# Timberwolves Blow



## Matt Jones (Mar 6, 2002)

Did anyone else catch the T-Wolves game vs the lowly expansion bobcats? The bobcats tore them up...and we're supposed to be a championship caliber team!? The wolves aren't playing with any intensity.

Between the Vikes and the Wolves, two teams with high pre-season expectations, it sure has been a weak year.


----------



## 870 XPRS (Mar 12, 2003)

we definately see where your allegiance lies with two posts lately...one being the vikings blow and the other being the t-wolves blow. As a fan of both I agree in some aspects, but light does not need to be shed on the faults of the beloved teams of many from the area.


----------



## mallardhunter (May 15, 2004)

Thats a good sign. Go Spurs


----------



## jamartinmg2 (Oct 7, 2004)

I agree Matt...... It seems like some of the guys aren't playing with a lot of heart out there. Wally and KG seem to be, but some of the others I'm not so sure about. Poor ol' Sam can't seem to guard anyone thrown at him. I hope they can turn it around. They are fun to watch when they are clicking. :-?


----------



## djleye (Nov 14, 2002)

Two Words.......Jason Kidd!!!!!!!!!


----------



## jamartinmg2 (Oct 7, 2004)

djleye said:


> Two Words.......Jason Kidd!!!!!!!!!


In hindsight, it is too bad they didn't pursue that trade a bit earlier. Now that the Woofies have fallen on hard times, I suppose we'd have to give up two arms and a leg to get him now. :roll:


----------



## Gunner (Oct 30, 2002)

Trade Cassell, Sprewell and a draft choice, if necessary, to Portland for Nick Van Exel and Shareef Abdur-Rahim.


----------



## Matt Jones (Mar 6, 2002)

870, you can trust me that my allegiance still lies with "my" teams. I'm just venting a little frustration at seasons that have been relatively dissapointing considering the expectations both teams had going into them. Besides, if you can't complain about MN sports letting you down than what can you complain about?
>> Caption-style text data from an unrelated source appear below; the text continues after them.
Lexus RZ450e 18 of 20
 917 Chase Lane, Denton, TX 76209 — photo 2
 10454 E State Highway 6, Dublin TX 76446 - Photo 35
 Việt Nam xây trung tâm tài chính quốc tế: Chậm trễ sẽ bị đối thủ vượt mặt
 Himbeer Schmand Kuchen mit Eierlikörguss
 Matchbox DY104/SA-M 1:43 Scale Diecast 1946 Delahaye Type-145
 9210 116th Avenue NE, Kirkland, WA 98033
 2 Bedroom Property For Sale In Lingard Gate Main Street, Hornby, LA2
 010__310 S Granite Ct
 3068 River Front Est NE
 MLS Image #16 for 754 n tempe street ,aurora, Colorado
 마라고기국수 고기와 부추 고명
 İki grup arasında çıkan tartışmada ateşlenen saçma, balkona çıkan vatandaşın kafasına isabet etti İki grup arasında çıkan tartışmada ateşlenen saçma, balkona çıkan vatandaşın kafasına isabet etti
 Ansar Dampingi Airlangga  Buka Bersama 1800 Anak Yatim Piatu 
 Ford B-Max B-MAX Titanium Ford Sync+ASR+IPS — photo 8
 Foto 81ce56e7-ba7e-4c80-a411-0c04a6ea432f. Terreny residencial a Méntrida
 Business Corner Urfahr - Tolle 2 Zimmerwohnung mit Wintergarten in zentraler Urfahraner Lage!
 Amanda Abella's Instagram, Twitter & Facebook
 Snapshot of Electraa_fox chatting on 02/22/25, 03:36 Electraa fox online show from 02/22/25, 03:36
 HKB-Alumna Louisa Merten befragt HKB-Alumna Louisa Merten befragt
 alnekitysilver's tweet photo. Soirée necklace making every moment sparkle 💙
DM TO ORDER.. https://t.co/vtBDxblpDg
To me that's the biggest part of being a MN sports fan....knowing how to *****! :lol:


----------



## 870 XPRS (Mar 12, 2003)

I actually agreed on both topics.


----------



## djleye (Nov 14, 2002)

There is talk on KFAN today about a trade of Spree, Cassell, and Olowakandi for Bonzi Wells, Jason Williams (white chocolate), and Lorenzen Wright. Bonzi wells is way better than spree but having white chocolate in town with Moss would be scary. Those two went to high school together. Plus, in a game seven, I wouldn't want him in there over Cassell, and I certainly don't want T-Hud running the point in crunch time!!


----------



## Anas Strepera (Nov 10, 2004)

They need to trade Hudson and Sczerbiak first. Neither have fit in well with the nucleus we had from last year.


----------



## mallardhunter (May 15, 2004)

Even though I am not a fan of them I think they need to trade Spree and Hudson. Thats just what I think.


----------